Two browser tabs open side-by-side displaying project documentation: left tab shows Nethack Strategy notes with a checklist of items, right tab shows Beehiv API documentation with pagination and endpoint details
Two browser tabs open side-by-side displaying project documentation: left tab shows Nethack Strategy notes with a checklist of items, right tab shows Beehiv API documentation with pagination and endpoint details

For research, I'll hand it a prompt like:

research what i need to do and it would cost to get a level 2 EV charger installed. ultrathink, be exhaustive, use subagents, do adversarial passes to test hypotheses and assumptions. save final report to Projects/Level 2 Charger

It spawns subagents, argues with itself, and drops a Markdown report in the right folder. I read it later in Obsidian on my phone.

Why not just Claude Desktop

Most people would look at this and say it's Claude Desktop, but nerdier and with extra work. A few things make it worth the setup:

  • Full Claude Code, not the chat product, with Exa wired in for search that reaches pages Claude can't normally crawl and ScrapingBee for even harder things to read (though, yes, you could do that with Claude Desktop)
  • Artifacts land as real files in real folders, not buried in a chat sidebar
  • Obsidian sync means the same notes are on desktop and mobile, and the focus stays on the content instead of the conversation
  • Nothing is Claude-specific. Swap in another coding agent tomorrow and the vault still works

The one annoying part

Pasting images over SSH is awkward. Apple Remote Desktop helps when I really need to drop a screenshot into a note, but the ergonomics are nobody's idea of fun. Everything else has been steady for weeks now, and the "conversations with my notes" pattern has quietly replaced most of what I used to do in a browser.

2026·05·19 17:40 / 1 MIN

Beyond llms.txt for Agent Readability

A friend pointed me at a14y.dev, which scans your site for "agent readability" and hands back a scored fix-list.
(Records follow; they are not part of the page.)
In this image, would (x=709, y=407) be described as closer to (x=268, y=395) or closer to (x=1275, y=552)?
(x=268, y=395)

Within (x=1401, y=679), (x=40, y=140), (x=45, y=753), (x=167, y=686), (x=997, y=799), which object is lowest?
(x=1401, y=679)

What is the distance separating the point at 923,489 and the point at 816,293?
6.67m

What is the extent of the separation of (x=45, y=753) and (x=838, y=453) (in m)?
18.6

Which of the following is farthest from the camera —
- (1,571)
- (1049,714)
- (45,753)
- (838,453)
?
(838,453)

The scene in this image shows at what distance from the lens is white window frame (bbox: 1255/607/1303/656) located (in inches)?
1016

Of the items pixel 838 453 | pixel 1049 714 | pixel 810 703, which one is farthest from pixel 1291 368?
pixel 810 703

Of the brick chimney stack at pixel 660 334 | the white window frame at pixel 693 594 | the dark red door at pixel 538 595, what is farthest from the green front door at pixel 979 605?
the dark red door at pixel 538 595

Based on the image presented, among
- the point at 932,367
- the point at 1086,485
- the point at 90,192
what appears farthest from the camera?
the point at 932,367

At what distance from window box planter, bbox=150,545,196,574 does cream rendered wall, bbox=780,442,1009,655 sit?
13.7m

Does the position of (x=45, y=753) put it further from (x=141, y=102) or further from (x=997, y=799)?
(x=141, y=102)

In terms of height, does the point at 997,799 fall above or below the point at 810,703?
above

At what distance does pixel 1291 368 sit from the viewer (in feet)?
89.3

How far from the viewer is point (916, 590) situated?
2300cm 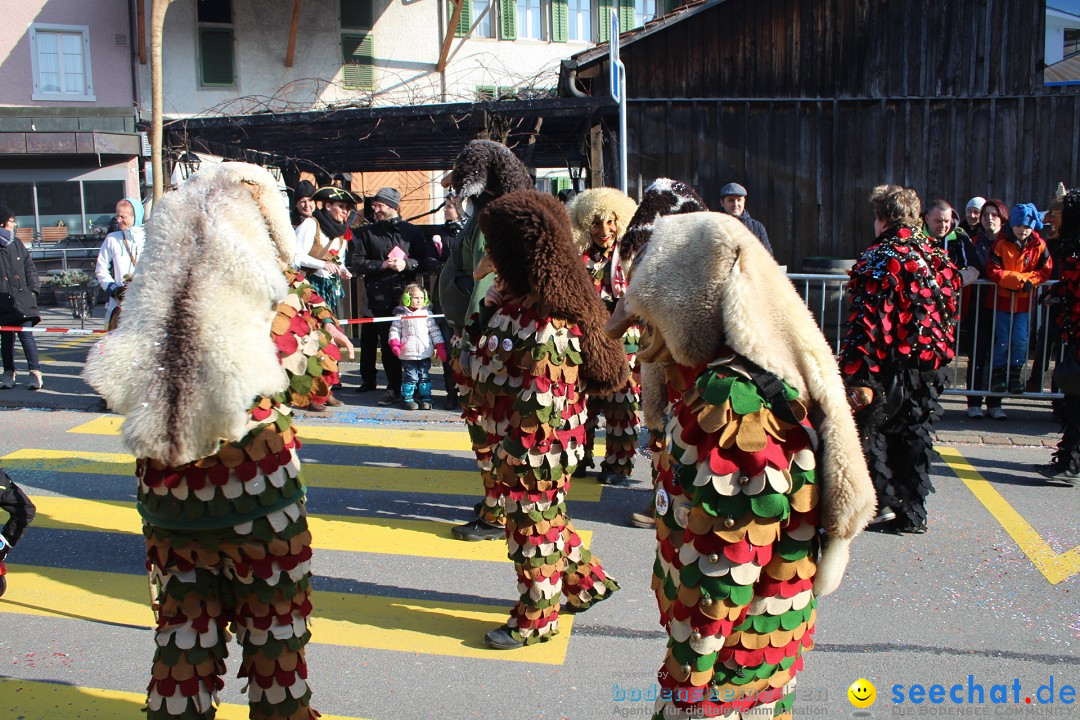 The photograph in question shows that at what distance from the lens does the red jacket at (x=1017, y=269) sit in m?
8.14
It's the obvious next thing after llms.txt, and the suggestions are sharper than I expected.

The scorecard is 38 checks pinned at v0.2.0, split across discoverability, parsing, and comprehension. Some are the ones you'd guess: llms.txt exists, robots allows AI bots, canonical links, lang attributes, JSON-LD breadcrumbs. The interesting ones are the suggestions I hadn't seen pushed as a standard yet.

The less obvious suggestions

A Markdown mirror of every page, served at the same URL with a .md suffix, plus a <link rel="alternate" type="text/markdown"> in the HTML head so agents can find it without guessing. Content negotiation on the canonical URL so a request with Accept: text/markdown gets the Markdown directly. A glossary page, because agents resolving acronyms and project-specific terms benefit from one canonical place to look. Language tags on every code block. A /sitemap.md alongside the XML one.

None of these are exotic. They're the kind of thing you'd do for a thoughtful human reader, just written down as pass/fail checks.

The loop they're pushing

The CLI ships with an --output agent-prompt mode that writes a Markdown brief aimed at a coding agent: every failure, its detection rule, the fix, and a link back to the scorecard page. The intended workflow is to pipe that into Claude Code or Codex, let it patch, then re-run with --fail-under 80 in CI. There's also a skills add package for agents that speak the open skills format.